Now, bring to their attention that since you tried to get a hold of them and that they weren't available that they let you down (don't be agressive, just point out that they weren't there for you when you needed them) and that you don't want it to present itself in the future (you see a problem). Bring to their attention that if you are to let them know ahead of time where you're supposed to be, that you request that the phone lines be kept opened from now on when you are done school (this is constructive criticism - problem solving). Not only that, but also that if you are required to be somewhere at a specific time, that they tell you instead of keeping it to themselves.

For the conclusion, you want to close with something like this:

"Mom, Dad, I know that you are trying to make of me a responsible young man and I really appreciate it. However, I cannot achieve this if you do not allow me to live and take some decision by myself. Now, I did try to contact you and tell you where I was going but you weren't available. As you didn't tell me that I was required to be back at a specific time, I took it upon myself to go and visit my friends (from where I repeatedly tried to call you again but to no avail). I made a mistake and accept it. However, do you really think that being grounded for 2 months will solve or prove anything except preventing me from proving to you that I'm responsible, disciplined, accountable and that I can take innitiative while still respecting your rules?."

Good luck

Phil,
Dad and Military Officer [img]smile.gif[/img]

[ 04-26-2002, 07:03 PM: Message edited by: Ryanamur ]

/)eathKiller 04-26-2002 07:34 PM

It isn't fair at all, you tried to contact your house time and time again I have witnessed this myself!
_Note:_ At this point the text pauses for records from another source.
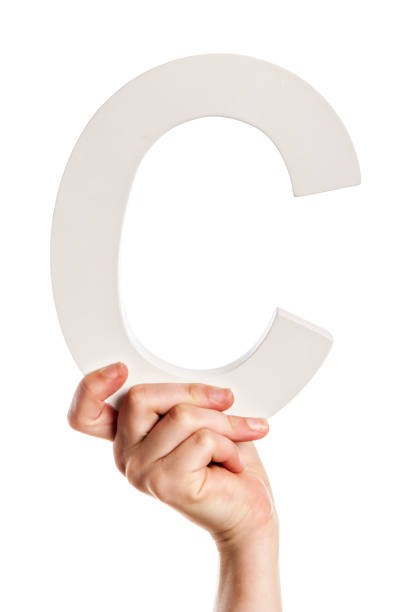 istock Female hand holds up 3-D capital letter C 814468664
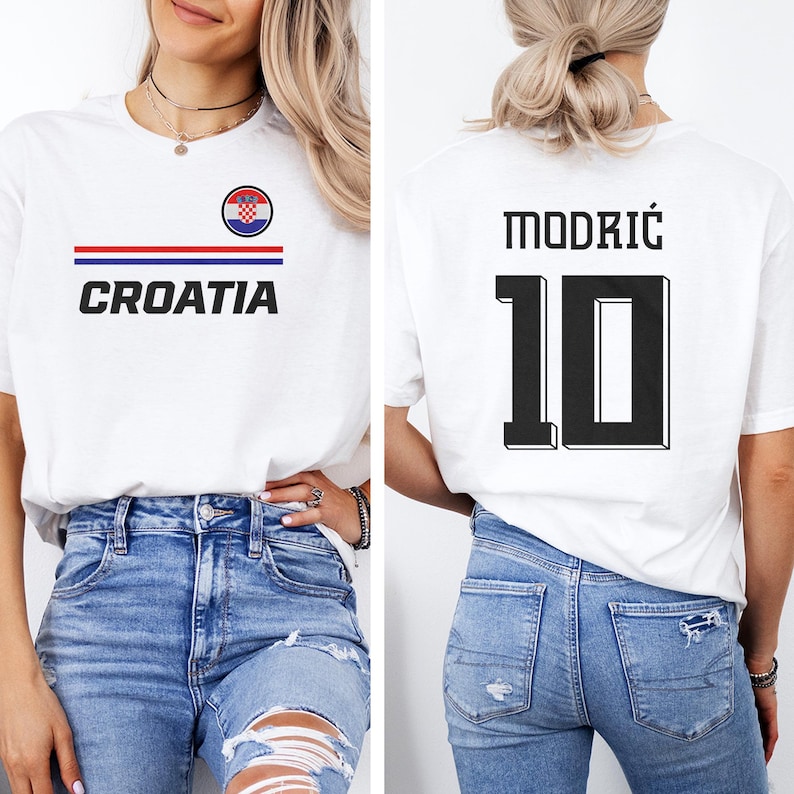 A woman wearing a white t-shirt with the word "Croatia" printed on it, and a number "10" printed on the back. She is also wearing blue jeans.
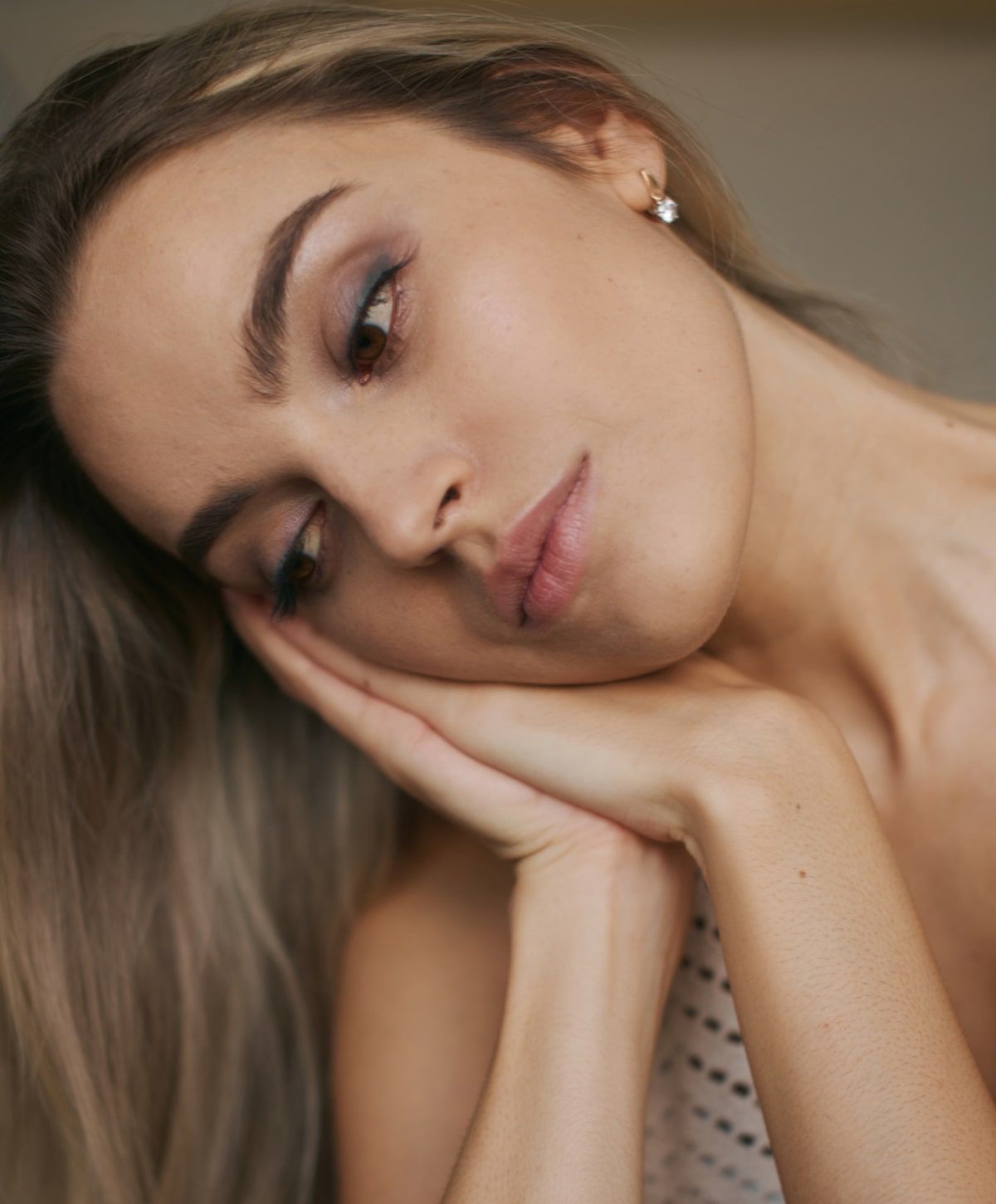 Woman resting her head on her hands.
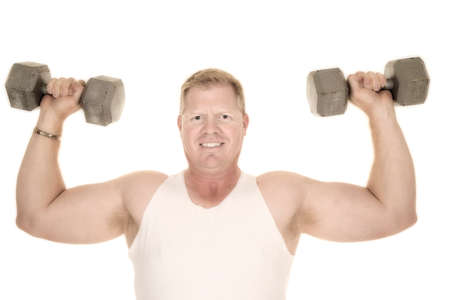 a man working out his shoulders with weights.の写真素材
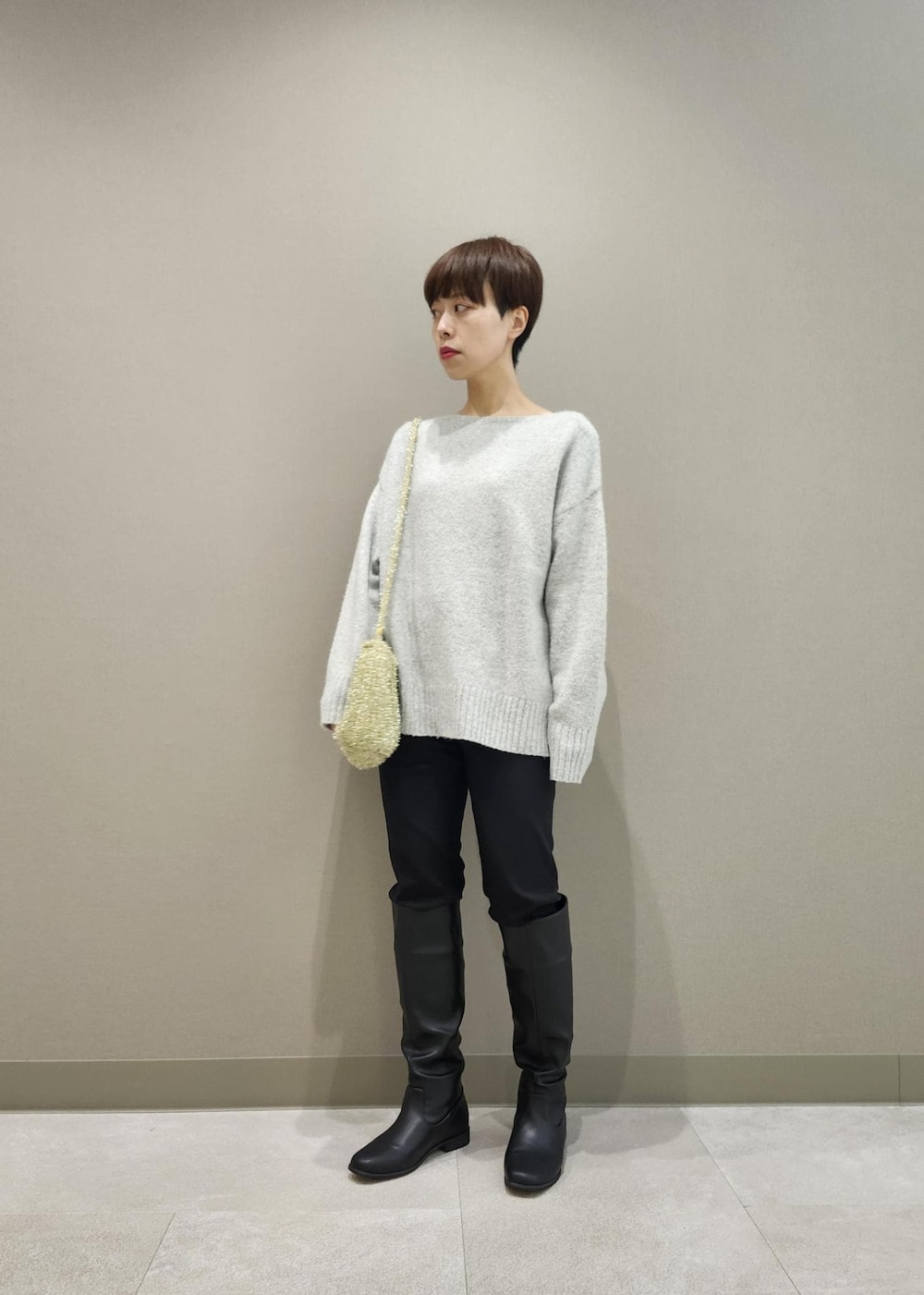 ブラック系のブーツ、ゴールド系のショルダーバッグ、グレー系のニット/セーターを着用したレディースの秋コーディネートの4枚目の写真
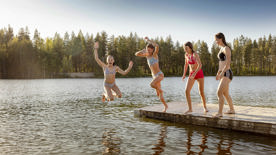 Fyra flickor på en brygga, två hoppar ned i vattnet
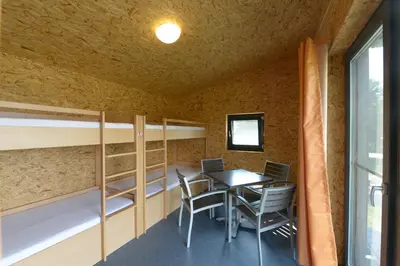 Ein Bett oder Betten in einem Zimmer der Unterkunft Hafencamp Senftenberger See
At my HOUSE you caleld again and again, and then, when my mom was nice enough to take you back home you tried to get in and COULDN'T so then you just walked back to my dad's room and kept calling and calling until finally you got an answer, where else were you supposed to be? On the freakin' door step! you were locked out of your own freakin' house! That's not fair at all! Infact I think you should show your mum this thread and show your parents what the world thinks of your plight!